Stephen Stills chronology
| Down the Road (1973) | Stills (1975) | Stephen Stills Live (1975) |

Singles from Stills
- "Turn Back the Pages" / "Shuffle Just as Bad" Released: August 8, 1975;

= Stills (Stephen Stills album) =

Stills is the fifth studio album by the American musician Stephen Stills. It is his first release on Columbia Records and first since the dissolution of his previous band Manassas. The album was a commercial success on release, charting at number 19 on the US album charts, but was released to mixed critical reaction.

== Background ==
Stills began recording a solo album in 1973 under the tentative title As I Come of Age, and it was "almost completed" by February 1974. He may have recorded more in early 1974, but from May to December Stills was busy with a reunited Crosby, Stills, Nash and Young. Stills signed with Columbia early in 1975 and turned in this album, "a collection of tracks Stephen had been working on over the preceding several years" including "much of the material recorded for As I Come of Age". He recorded an early unissued version of "Guardian Angel" on January 23, 1975, at The Record Plant; the next day Crosby and Nash joined him.

== Content ==
The piano and drum tracks by Stills and Ringo Starr for "As I Come of Age" date back to 1971, while "Turn Back the Pages" was recorded in 1975. Although "My Angel" is credited to Stills and Dallas Taylor, and Stills calls it a "jam on a set of Dallas' changes", Stills recorded a demo of the song in March 1967. "First Things First" written by Stills and the bass player for Three Dog Night Joe Schermie and was played quite frequently along with the 'Myth of Sisyphus' and 'My Angel' on the CSNY 1974 tour.

The cover photo was shot at Neil Young's Broken Arrow Ranch during rehearsals for the CSNY 1974 tour. The back cover features Donnie Dacus and Stills playing acoustic guitars together.

As per the sleeve notes:

"Turn Back the Pages". 1975, Cut late in sessions, at Criteria, with Ron and Howie.

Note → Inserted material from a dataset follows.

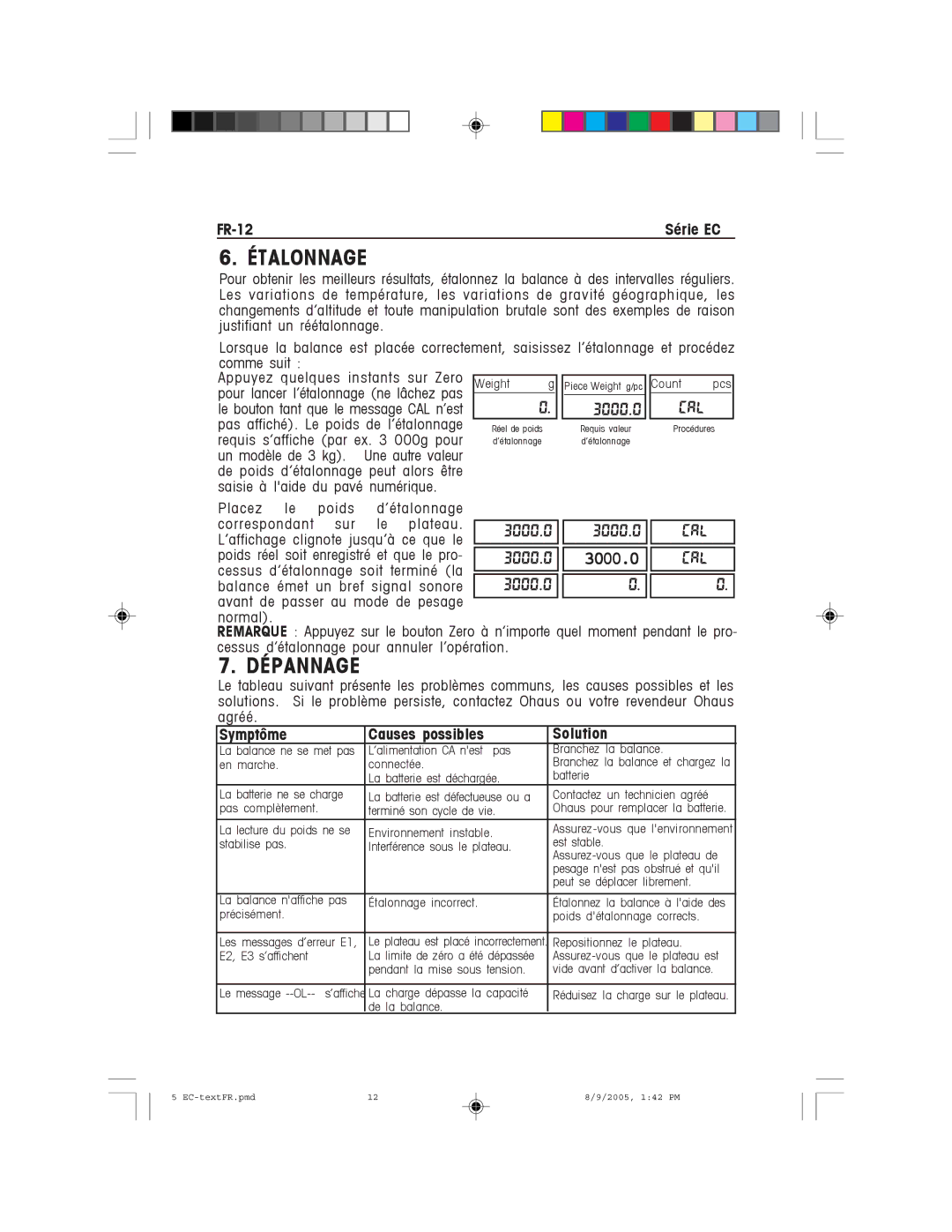 Recoton/Advent EC Series instruction manual Étalonnage, Dépannage, FR-12 Série EC, Symptôme Causes possibles Solution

"My Favourite Changes". 1974, The track was cut in Sausalito with Stephen and Don Dacus playing guitars in the control booth and Leland Skar and Lala playing gin the studio. Danny Hutton put some vocals on it. Later in Colorado vocals were completed by Stephen, Kenny and Peggy Clinger.

"My Angel". 1974, Jam on a set of Dallas' changes edited into a song. Dallas played drums, Lala percussion. Stephen played bass, piano, clavinet and organ. Thanks to Sylvester.

"In the Way". 1974, Track cut live in studio in Sausalito and then Kenny recut the bass. Vocals, recorded by Jeff Geurico at Caribou, are Stephen, Don, and Kenny.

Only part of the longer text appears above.